▶ [How to complete this task]:
Output, word for word, the lines of this listing that fall between the line with "Stressed woman sitting" and the line with "close up of", counting both of those lines, and no others.

▶ [Source material]:
======
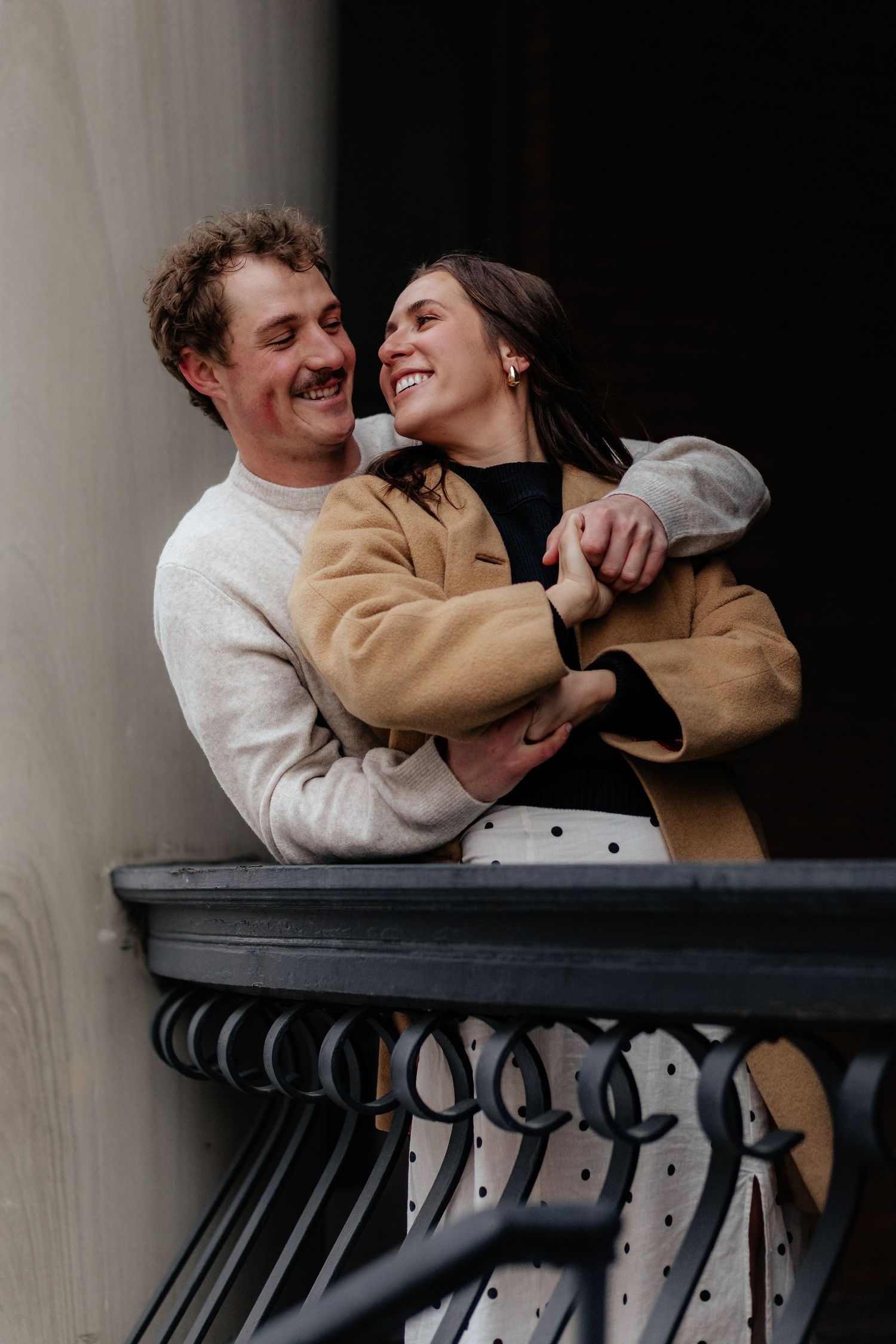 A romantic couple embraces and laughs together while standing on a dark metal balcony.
======
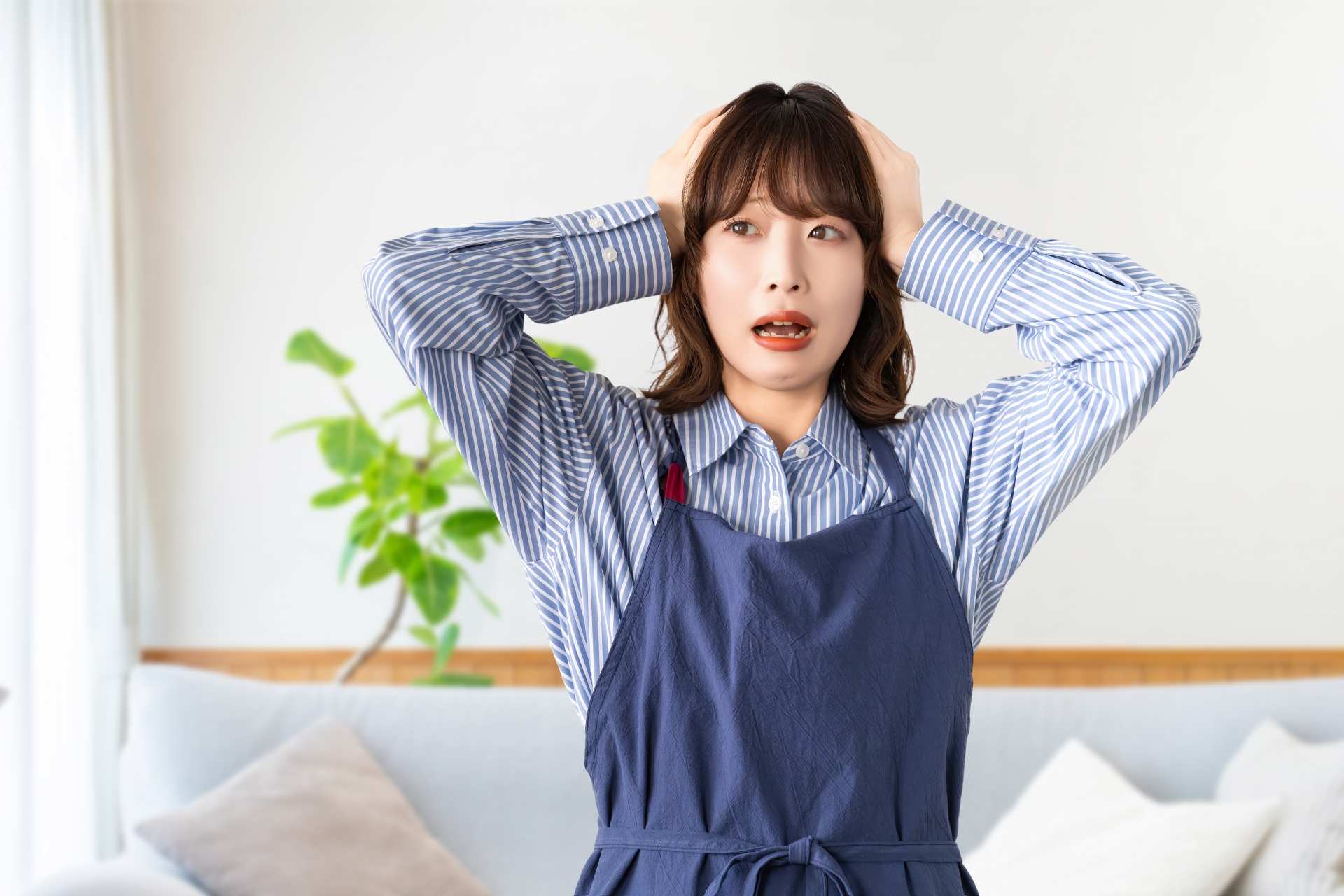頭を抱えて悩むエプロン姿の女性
======
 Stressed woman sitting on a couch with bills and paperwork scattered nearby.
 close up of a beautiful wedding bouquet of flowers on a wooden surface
======
▶ [Result of the task]:
 Stressed woman sitting on a couch with bills and paperwork scattered nearby.
 close up of a beautiful wedding bouquet of flowers on a wooden surface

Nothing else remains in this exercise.